● **EXERCISE DESCRIPTION**: Once the line containing "Medical Terminology Demystified" is found in the records below, return it and each following line exactly, up to and including the line containing "Kids unstitched suit", and nothing else.

═══ PROVIDED MATERIAL ═══

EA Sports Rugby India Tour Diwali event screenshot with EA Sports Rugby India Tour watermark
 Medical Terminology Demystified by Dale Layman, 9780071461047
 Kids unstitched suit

═══
═══ PROVIDED MATERIAL ═══

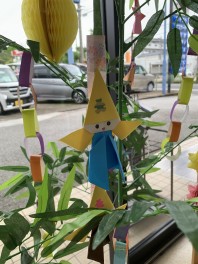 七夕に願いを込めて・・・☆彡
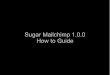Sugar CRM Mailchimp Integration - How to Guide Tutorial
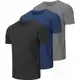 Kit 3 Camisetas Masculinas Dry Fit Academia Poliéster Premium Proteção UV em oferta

═══

● **EXERCISE RESULT**:
 Medical Terminology Demystified by Dale Layman, 9780071461047
 Kids unstitched suit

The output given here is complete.